232. EVALUATING THE CORRELATION BETWEEN CLINICAL AND PATHOLOGICAL TUMOUR AND NODAL STAGING IN OESOPHAGEAL CANCER –A 12 YEAR ANALYSIS
Diseases of the Esophagus(2022)
摘要
Abstract Oesophageal cancer is clinically staged using the TNM classification by modalities such as CT, PET-CT and endoscopic ultrasound. This is used to assess and guide oncological treatment in the form of neoadjuvant chemotherapy, radiotherapy and surgery.

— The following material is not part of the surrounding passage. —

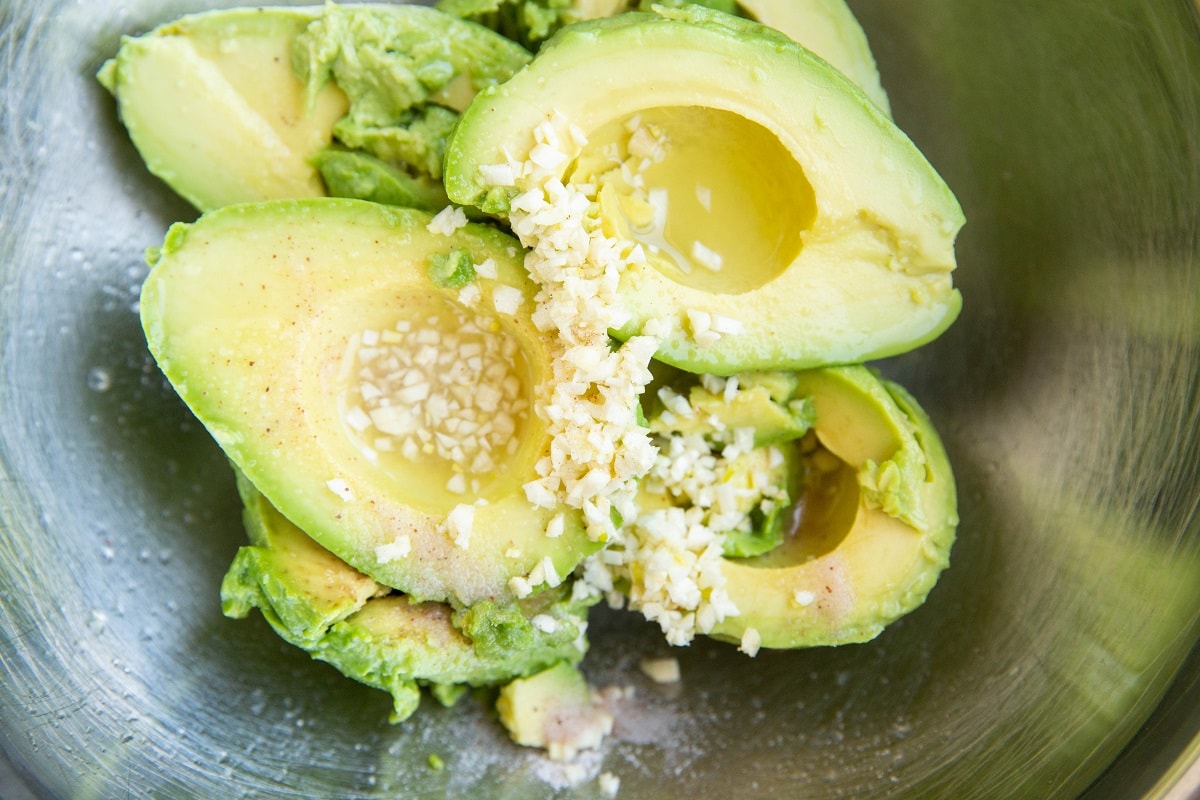 Fresh avocados, lime juice, salt, and garlic in a mixing bowl.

Following neoadjuvant therapy and/or surgery the resected specimen is analysed and given a final histological stage. The purpose of this study was to evaluate the accuracy and variation in pre-operative (radiological) stage from the final histopathological stage. This retrospective study was conducted using an electronic database containing pre- and post-operative TNM staging information on all patients undergoing elective oesophagectomies from April 2009 to December 2021 at a single tertiary upper gastrointestinal cancer centre. 568 patients underwent Ivor Lewis oesophagectomies. The median age was 63 years old (45–82) with M:F 1.78:1. The median length of stay (LOS) was 13 (3–148) days. Results on table attached. Based on our data, there is an observed significant down-staging amongst tumours with higher T and N stages from their predicted pre-operative stage to the final TNM stage allocated after histopathology review. This reflects the continued value of neoadjuvant chemo(radio)therapy. Early T1N0 tumours still appear challenging to accurately stage pre-operatively, hence adjuncts such as endoscopic ultrasound remain crucial in guiding management.